AVAILABLE DATA Block Start

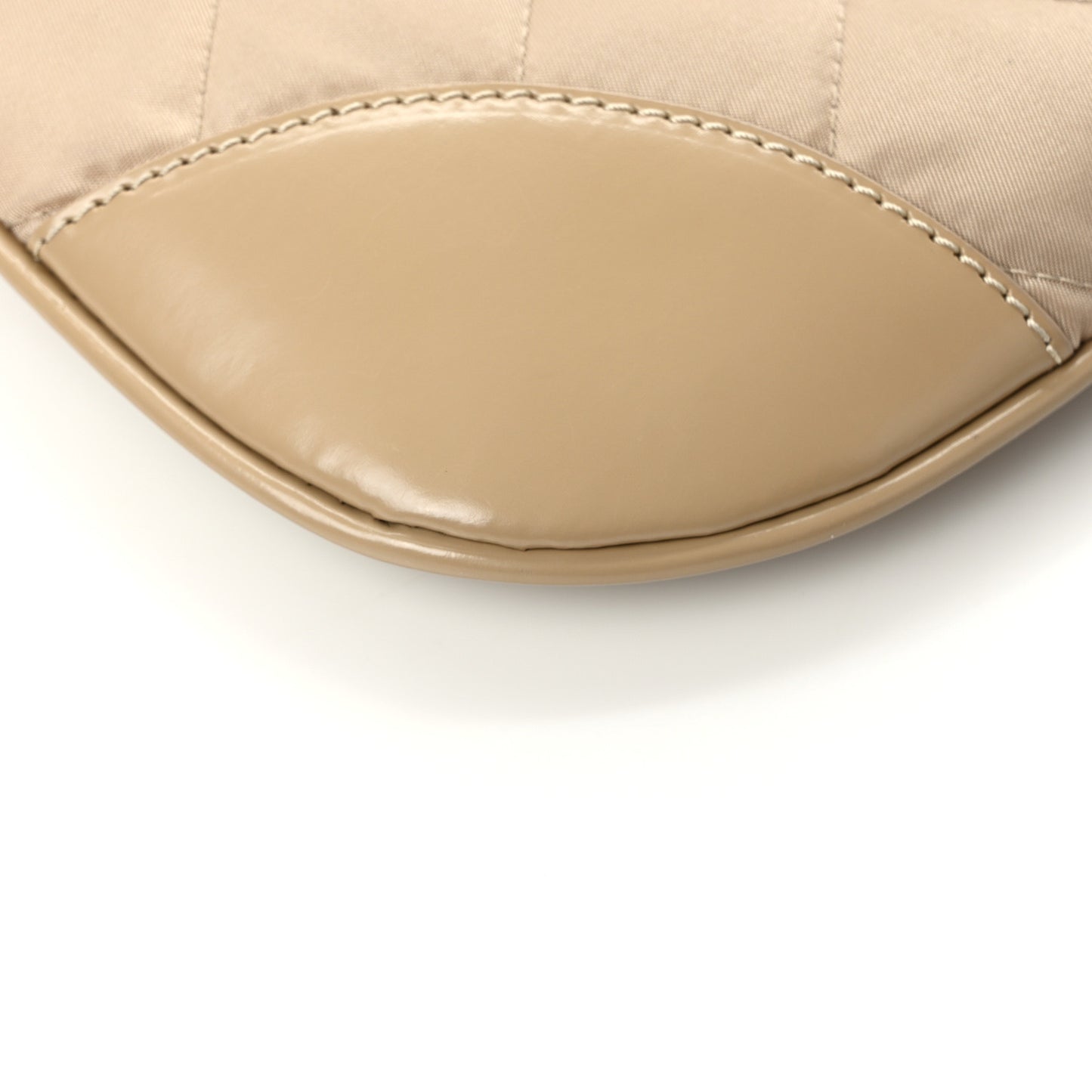 Patent Nylon Quilted Hoxton Bag Beige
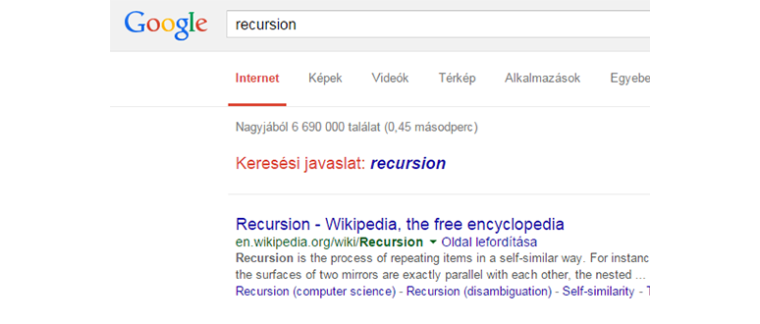 Google kereső rekurzív
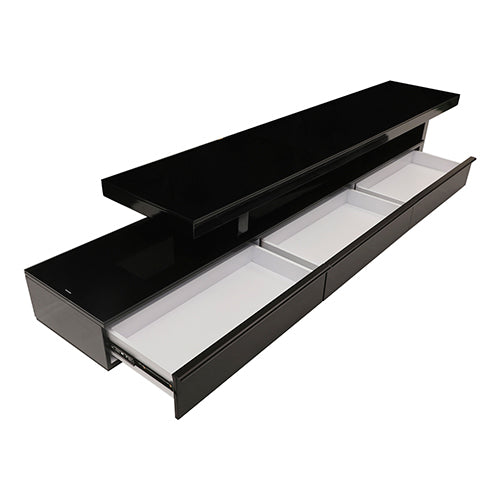 Adjustable Length TV Cabinet with Glossy Finish, 3 Drawers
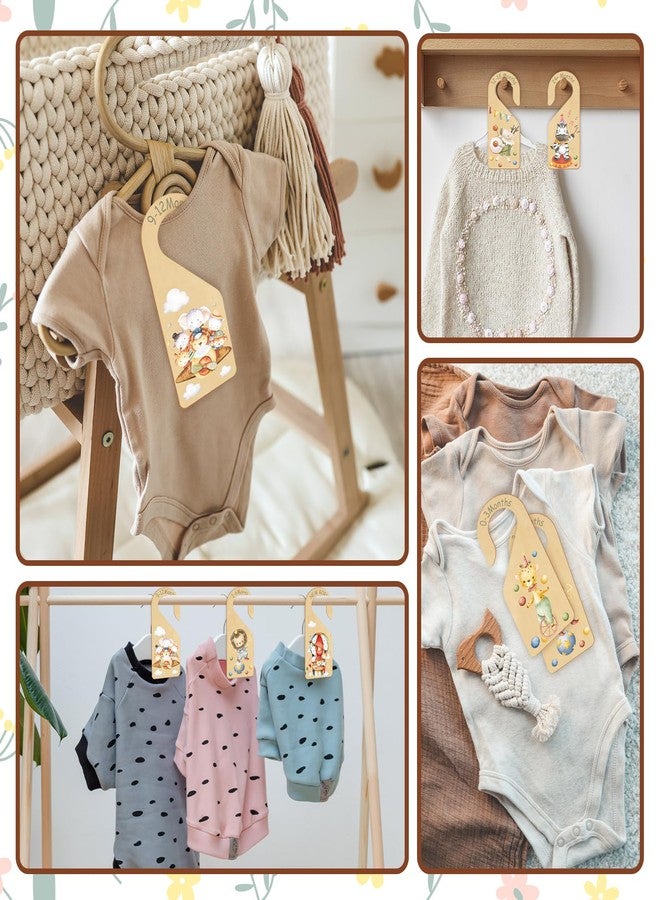 Hying 8 Pieces Baby Clothes Dividers for Closet, Wooden Baby Clothes Organizer Cartoon Animals Nursery Baby Clothes Separators for Newborn to 24 Months Size Clothes - Image 5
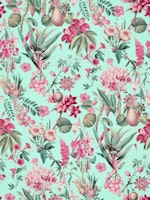 Tropical Jungle Flower And Fruit Garden Pattern In Pink And Teal wallpaper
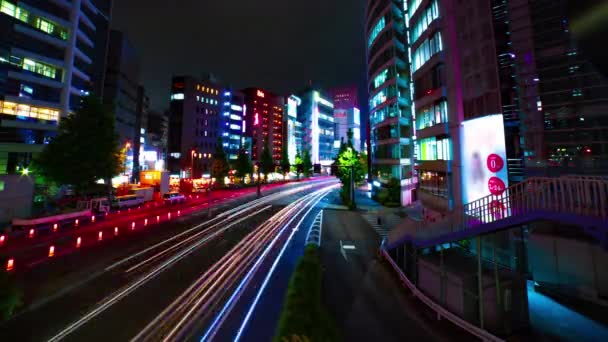 Хронометраж улицы в неоновом городке в Синдзюку — стоковое видео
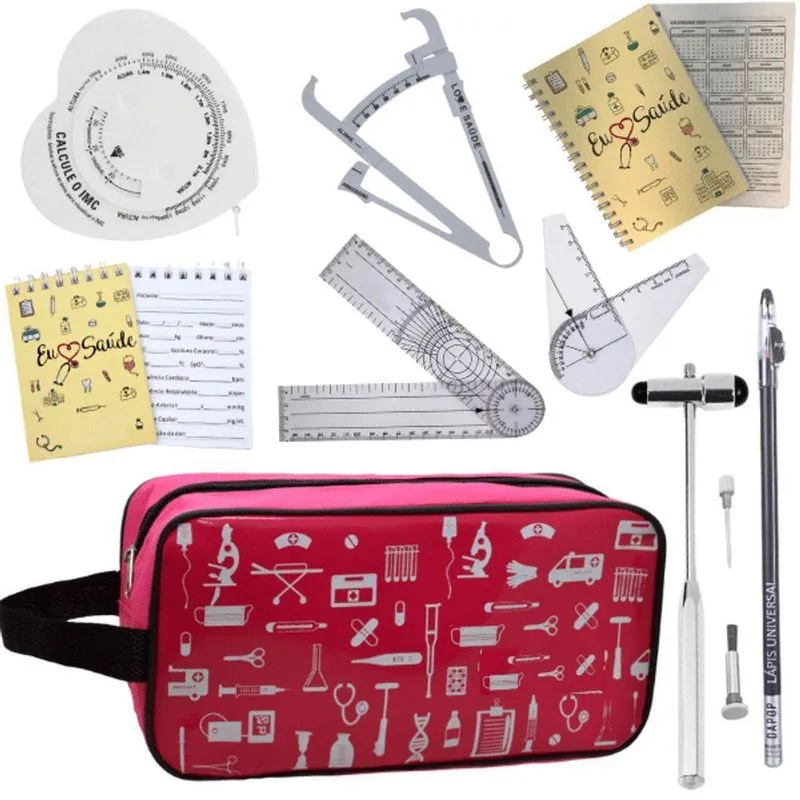 Kit De Fisioterapia Itens Martelo Buck Fita Imc Goniometro Grande E Pequeno Necessaire Fúcsia Escuro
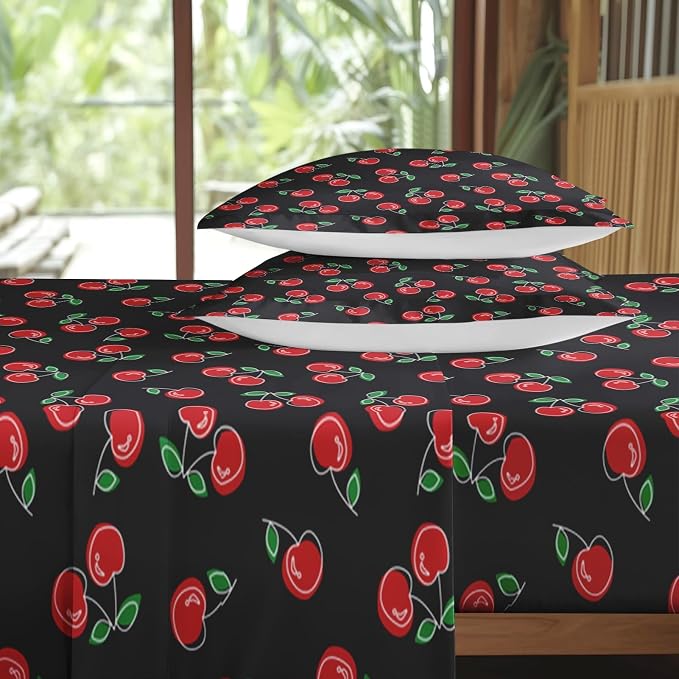 Pamnest Full Size Bed Sheet Sets, Red Black Cherry Fruit Soft Microfiber 4 Pcs Bedding Sets for Kids and Adults Bedroom Bed Decor, Retro Leaf Summer Flat, Fitted Sheet and 2 Pillowcases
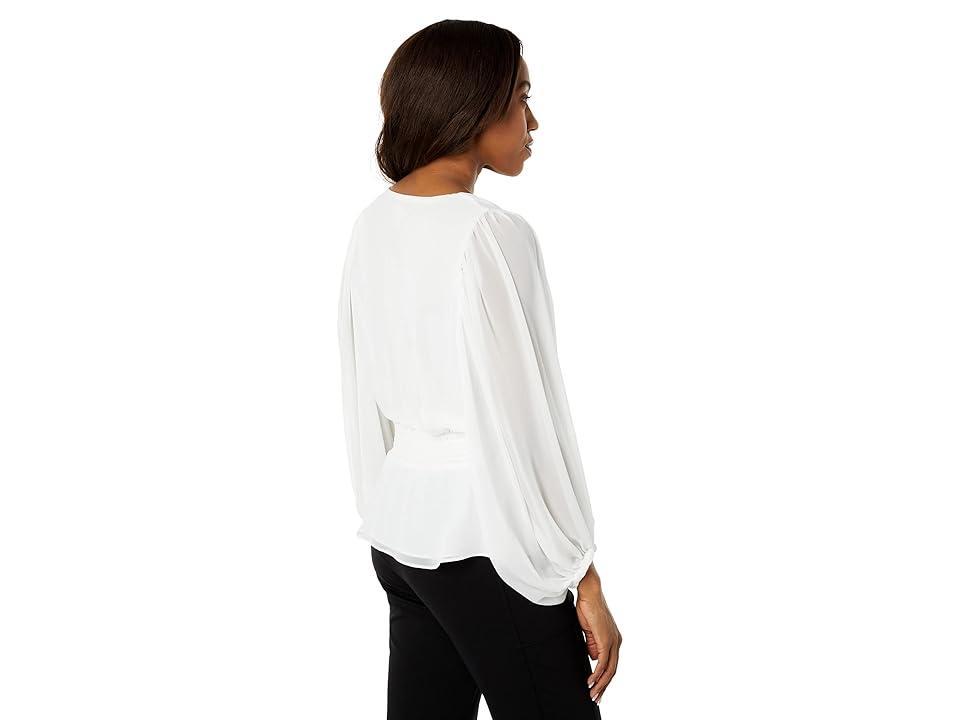 Vince Camuto Long Sleeve V-Neck Peplum Chiffon Blouse (New Ivory) Women's Clothing Product Image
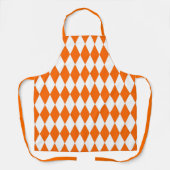 Oranje Witte Harlequin Diamonds Checkers Ontwerp Schort (Voorkant)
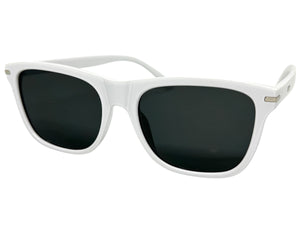 Classic Elegant Vintage Retro Style SUNGLASSES Square White Frame - Dark Lens 1325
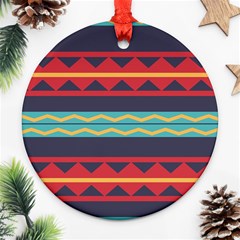 Rhombus And Waves Chains Pattern Round Ornament (two Sides) by LalyLauraFLM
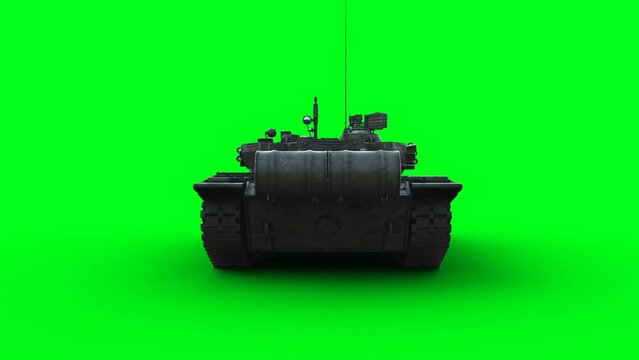 Russian battle tank. Realistic 4k green screen animation.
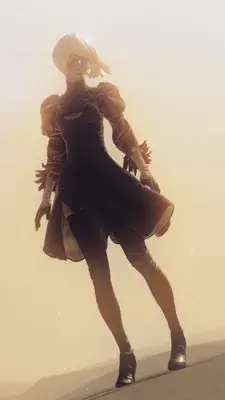 Woman in a black dress and boots is standing on a sand dune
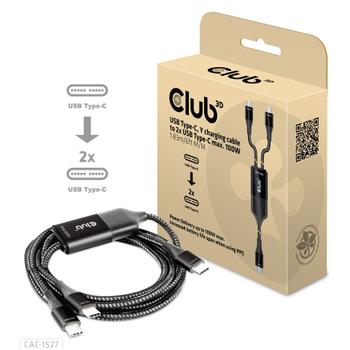CLUB 3D USB TYPE C Y cable Charging cable to 2XUSB type C max 100 Watt 1.83m/ 6Feet M/M (CAC-1527)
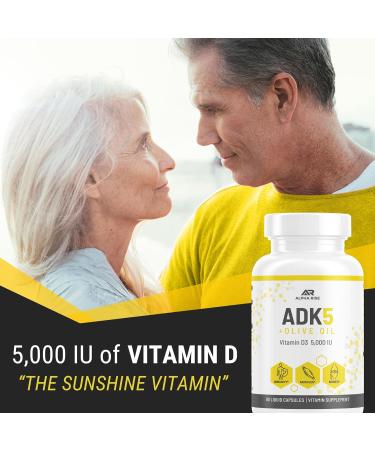 ALPHA RISE ADK Vitamin Supplement + Olive Oil for Better Absorption | ADK 5 Supplement with Vitamin A D and K | 5000 iu of Vitamin D3 + K2 (MK7+MK4) | 90 Liquid Capsules | Vegetarian | Non-GMO - Buy Online on GoSupps.com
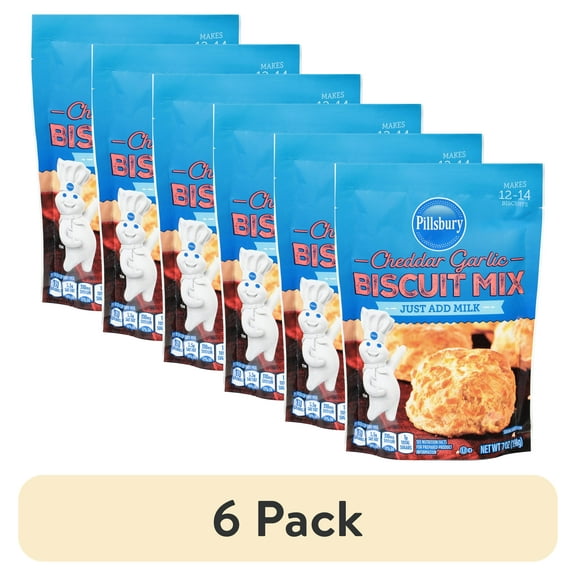 (6 pack) Pillsbury Cheddar Garlic Biscuit Mix, 7 oz Bag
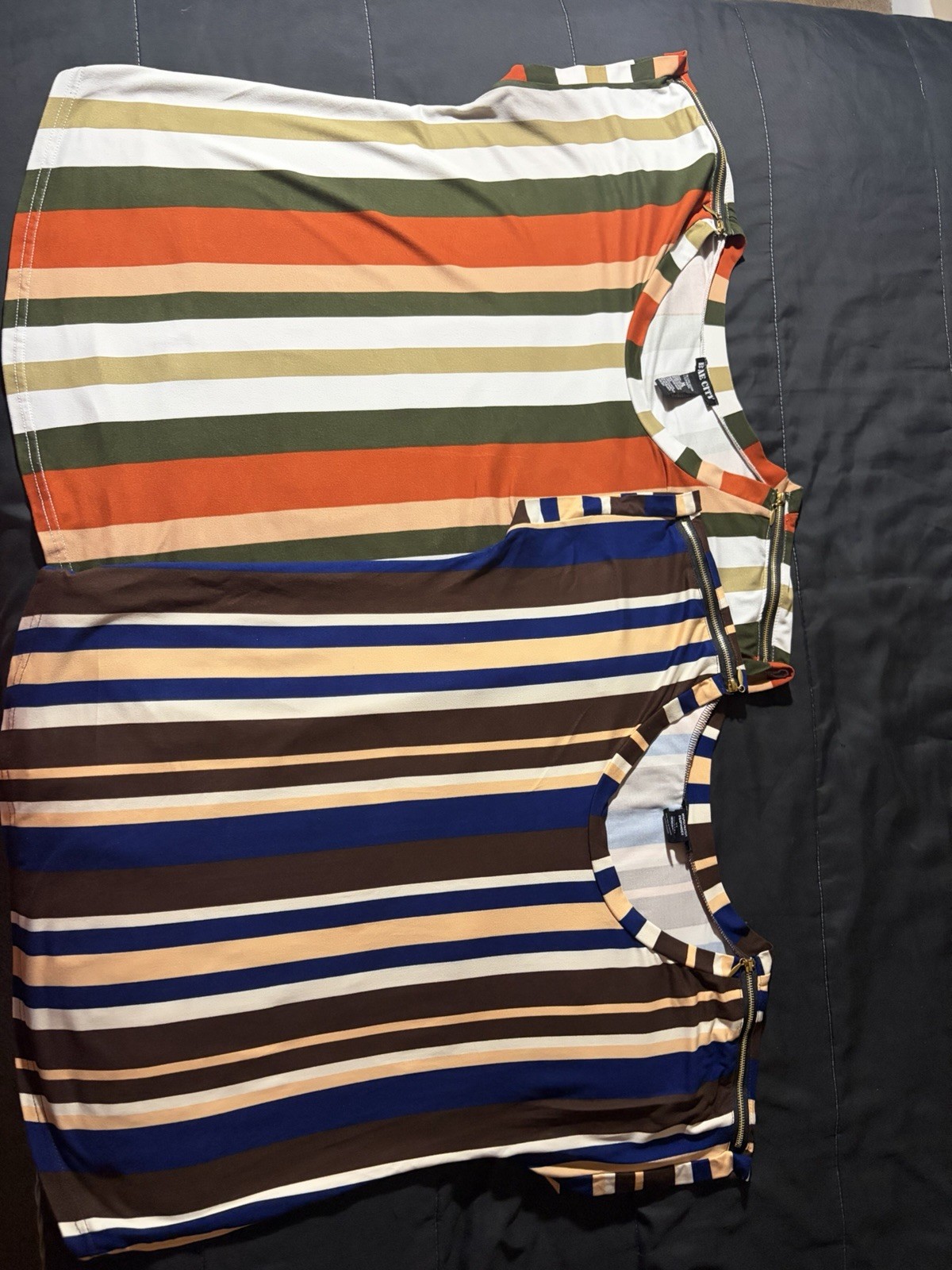 Bae City XL Multicolor Vertical Striped Cap Sleeve Tops Summer Bundle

AVAILABLE DATA Block End

* PROBLEM STATEMENT
Without including any picture, print all of the entries above exactly.

* ANSWER TO THIS EXERCISE
 Patent Nylon Quilted Hoxton Bag Beige
 Google kereső rekurzív
 Adjustable Length TV Cabinet with Glossy Finish, 3 Drawers
 Hying 8 Pieces Baby Clothes Dividers for Closet, Wooden Baby Clothes Organizer Cartoon Animals Nursery Baby Clothes Separators for Newborn to 24 Months Size Clothes - Image 5
 Tropical Jungle Flower And Fruit Garden Pattern In Pink And Teal wallpaper
 Хронометраж улицы в неоновом городке в Синдзюку — стоковое видео
 Kit De Fisioterapia Itens Martelo Buck Fita Imc Goniometro Grande E Pequeno Necessaire Fúcsia Escuro
 Pamnest Full Size Bed Sheet Sets, Red Black Cherry Fruit Soft Microfiber 4 Pcs Bedding Sets for Kids and Adults Bedroom Bed Decor, Retro Leaf Summer Flat, Fitted Sheet and 2 Pillowcases
 Vince Camuto Long Sleeve V-Neck Peplum Chiffon Blouse (New Ivory) Women's Clothing Product Image
 Oranje Witte Harlequin Diamonds Checkers Ontwerp Schort (Voorkant)
 Classic Elegant Vintage Retro Style SUNGLASSES Square White Frame - Dark Lens 1325
 Rhombus And Waves Chains Pattern Round Ornament (two Sides) by LalyLauraFLM
 Russian battle tank. Realistic 4k green screen animation.
 Woman in a black dress and boots is standing on a sand dune
CLUB 3D USB TYPE C Y cable Charging cable to 2XUSB type C max 100 Watt 1.83m/ 6Feet M/M (CAC-1527)
 ALPHA RISE ADK Vitamin Supplement + Olive Oil for Better Absorption | ADK 5 Supplement with Vitamin A D and K | 5000 iu of Vitamin D3 + K2 (MK7+MK4) | 90 Liquid Capsules | Vegetarian | Non-GMO - Buy Online on GoSupps.com
 (6 pack) Pillsbury Cheddar Garlic Biscuit Mix, 7 oz Bag
 Bae City XL Multicolor Vertical Striped Cap Sleeve Tops Summer Bundle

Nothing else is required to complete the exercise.